Yenni

Could you recommend any books? I am very interested in this stuff too.

I hear ya about forgetting everything.

Please feel free to share any other interesing stuff about this. hehe

Yeah....you have to find out what is overwhelming your system first....and then you have to treat it.....and detoxify.

I never tried to "correct" the problem on my own...other than to limit my exposure and try to be as "clean" as possible with my diet and everything else around me. I dont try to "self-medicate".....not with supplements or anything else.

I just mainly focused on finding out the cause.

These are neurotoxins that if accumulated could lead to a problem with chemical sensitivity.

They are listed in order of importance.

(1) Heavy metals: such as mercury, lead, cadmium and aluminium.

(2) Biotoxins: such as tetanus toxin, botulinum toxin (botox), ascaridin (from intestinal parasites), unspecified toxins from streptococci, staphylococci, lyme disease, clamydia, tuberculosis, fungal toxins and toxins produced by viruses. Biotoxins are minute molecules containing nitrogen and sulfur. They belong to a group of chemical messengers which microorganisms use to control the host

I have chemical sensitivities as well as food sensitivities. I'm reactive to all chemicals in foods (Msg, Aspartame, food coloring, preservatives, etc.).....also I'm highly sensitive to molds.

I'm sensitive to all chemicals but worst are perfumes and fabric softener/dryer sheets.

I dont have any IgE type allergies.....just sensitive to pretty much everything.....in a BIG way.

Chemical sensitivity is almost always due to accumulation of neurotoxins and the bodies inability to excrete them.
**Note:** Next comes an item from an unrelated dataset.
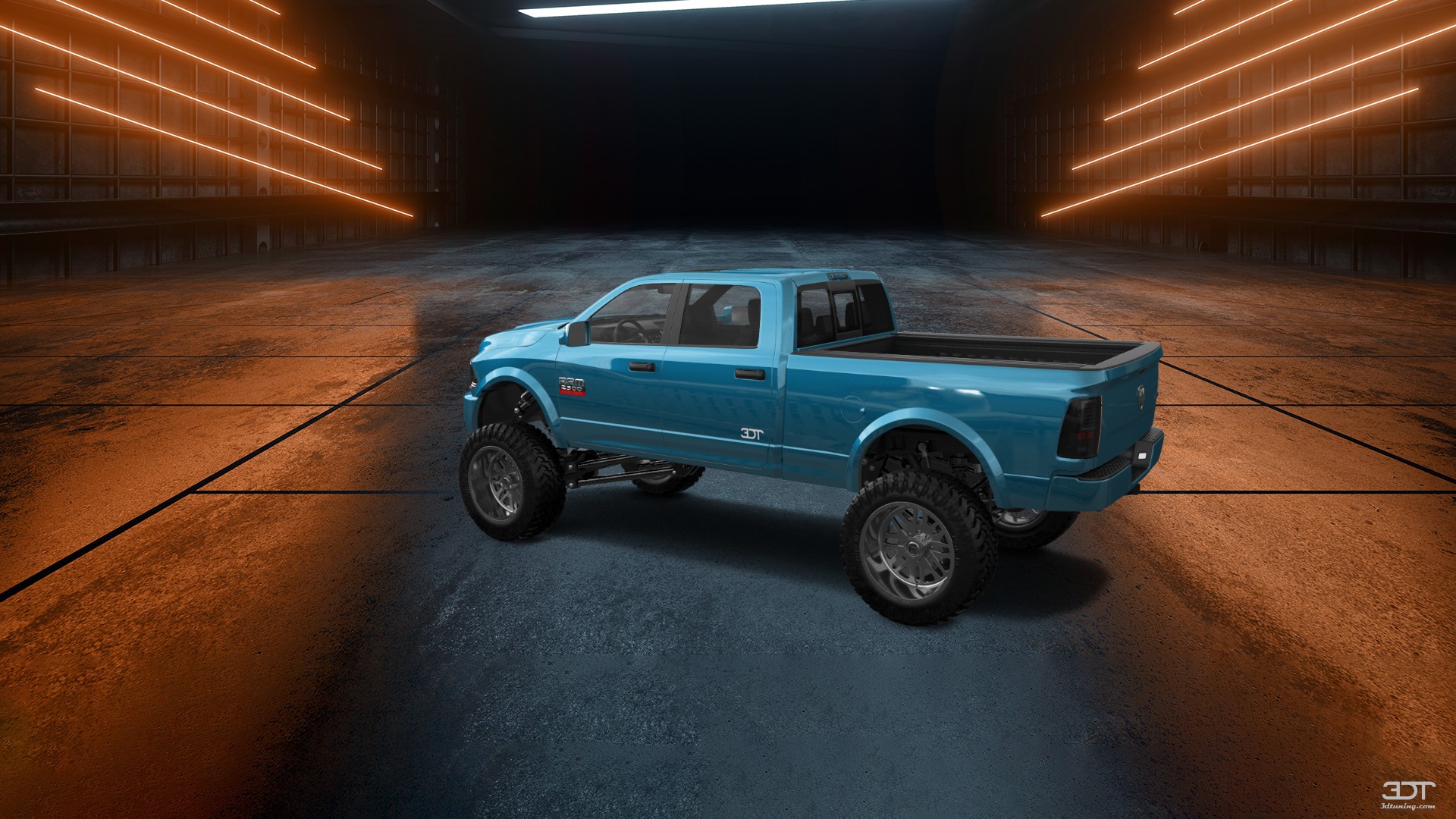 Dodge Ram 2500 4 Door Truck 2014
Do you know how to un-do it? Have you done anything to try or..?

I wonder if that can change back; the inability to excrete them? If there is anyway to do that?
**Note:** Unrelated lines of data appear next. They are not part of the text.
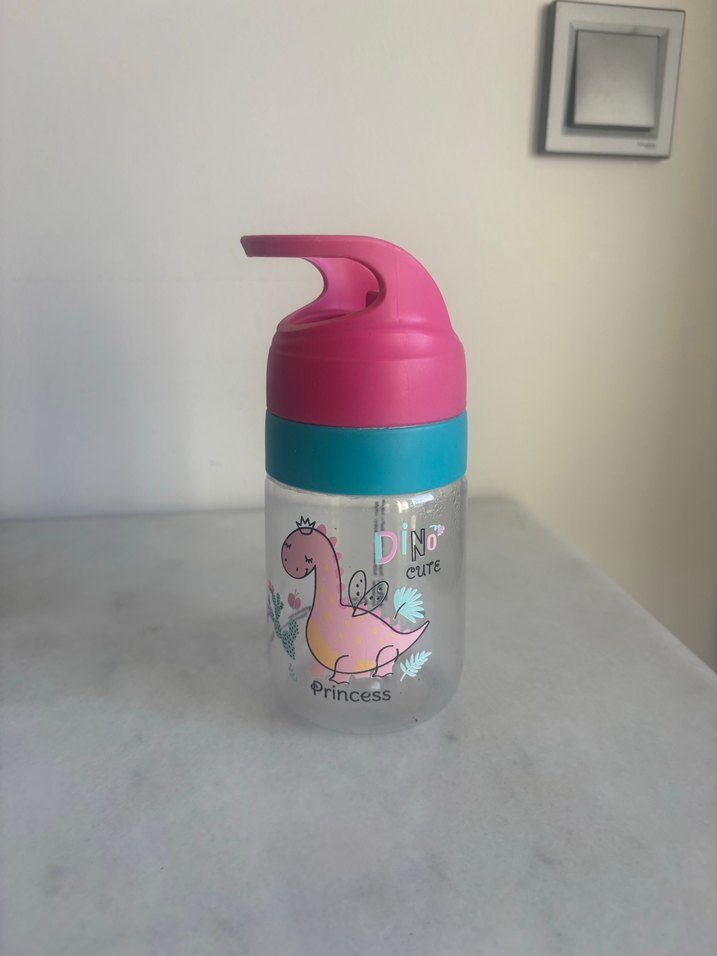 Renkli Çocuk Suluk - Pembe Kapaklı - Görsel 5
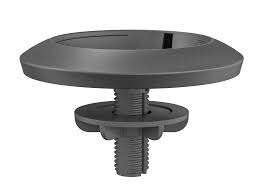 Logitech Soporte de Base de Microfono Rally - Mesas de entre 20-50mm de Grosor - Apto para Techos - Color Gris Oscuro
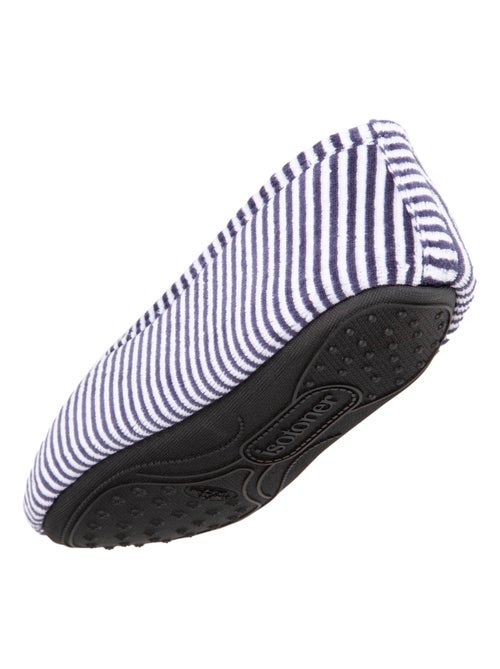 Chaussons ballerines en velours fille Isotoner - Kiabi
I am thinking about buying some of Dr Rea's books..but I am not sure if they would suit me. Would be interesting to hear more from anyone that has studied this some.

Dr Rea mentioned that people with pain in neck ans shoulders often have stuff built up in their system. I know both my mom and I have some problems with that.

Oh and I meant to ask if any of you have problems with mediaction at all? Since I was a child I haven't been able to eat Ibuprofen because I get shortness of breath and severe fatique from small doses. (My mom has this too.)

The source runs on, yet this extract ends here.